Strikes are designed to take about 30 minutes to complete, and ours involved several steps, one of which had us holding off waves of alien attackers. Their leaders had a shield ability of some sort and could teleport, which proved to be a gigantic pain. I did manage to contribute by firing on enemies already distracted by one of my teammates, and I revived the other games journalist once when he was down to zero health. Otherwise I mainly tried not to get myself killed and experimented with my Warlock’s super ability.
Despite what it may sound like, this is good news for all of you who love shooters. In case you were wondering where Destiny came down on the FPS/MMO divide, it’s first and foremost a great-looking shooter with what appeared to my admittedly non-expert eyes to have tight controls. Everyone knows that Bungie has this genre, especially with sci-fi trappings down pat.
What isn’t as clear is how the open world multiplayer elements will all play out, because unless you’ve participated in the alpha — something everyone with a PS4 will be able to do starting today and running through Sunday, June 15 — those parts of the game have been spoken of more than they’ve actually been shown.

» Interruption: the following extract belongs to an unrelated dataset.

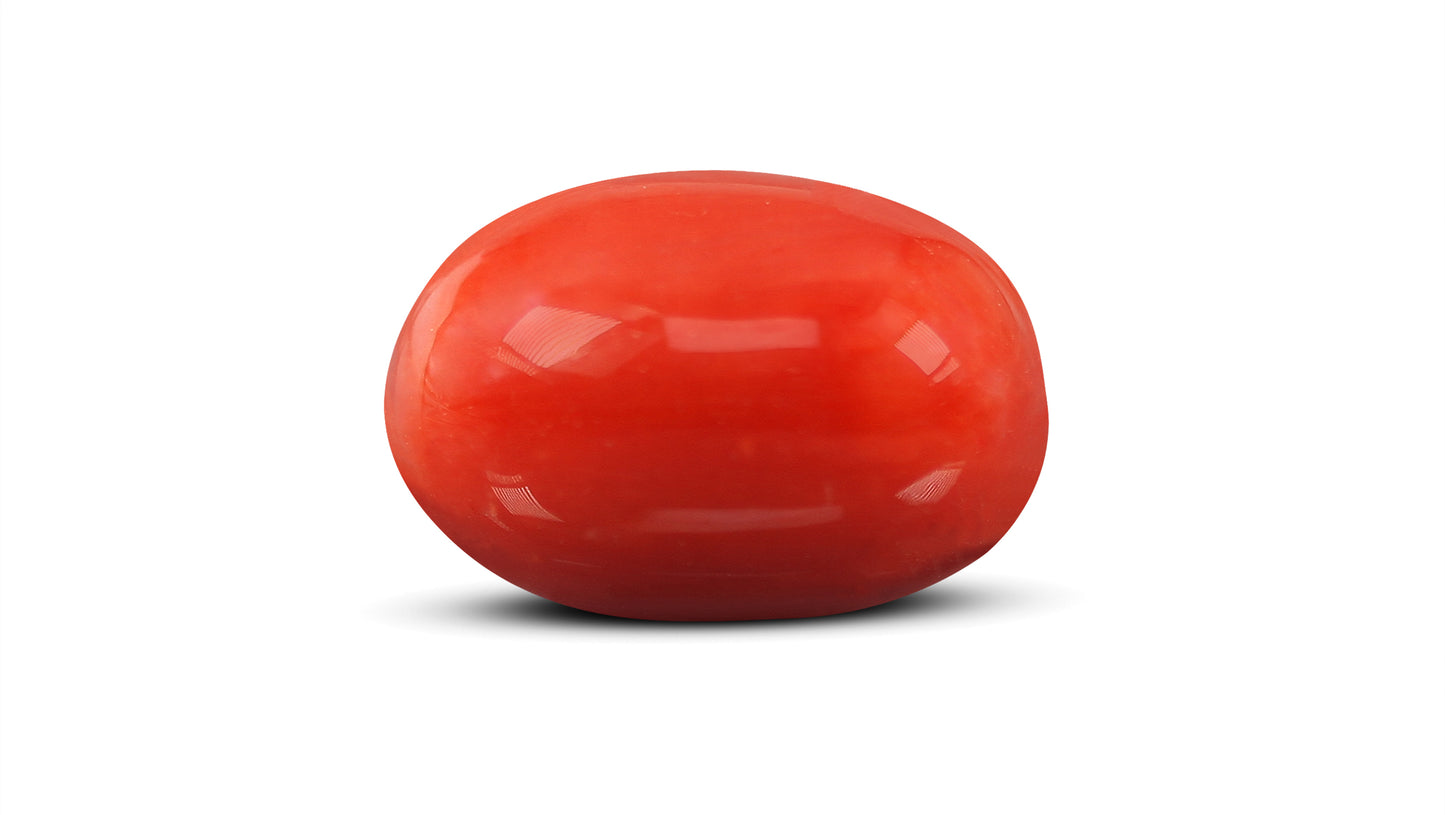 Natural Italian Red Coral (Moonga) 9.50 Carats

My play session included a quick glimpse at the City, the last safe place left on Earth, where the view changes to third-person and many of the facets of cities in regular MMOs take place. I saw that you could get different kinds of ships that take you into orbit before the action begins.
One of the game’s public events popped up while we were on our way to the strike instance, where we could team with other players outside our team to try eliminating a specific, very difficult enemy before a timer counted down to zero. Alas, we didn’t have time to finish it because the hands-on demos could only go on for so long.
The developer shared some of the details of Destiny‘s PvP, which will come in 3v3 and 6v6 flavors. He described 3v3 as more tactical and team-focused and explained how matchmaking was skill-based. The game equalizes health and damage based on level but still allows for different weapons to deal different amounts of damage.
And after a last-minute discussion about the three available classes, we were ushered out for the next group of attendees to get their own chance to play. Right now I feel pretty confident saying that Destiny will be an excellent shooter and will appeal to people who enjoy that type of game. It’s too soon to tell whether it will have something special to offer people like me who wouldn’t normally be inclined to play an FPS. That might indeed turn out to be the case, but so far, and with knowledge of my own preferences very much out in the open, it feels evolutionary rather than revolutionary.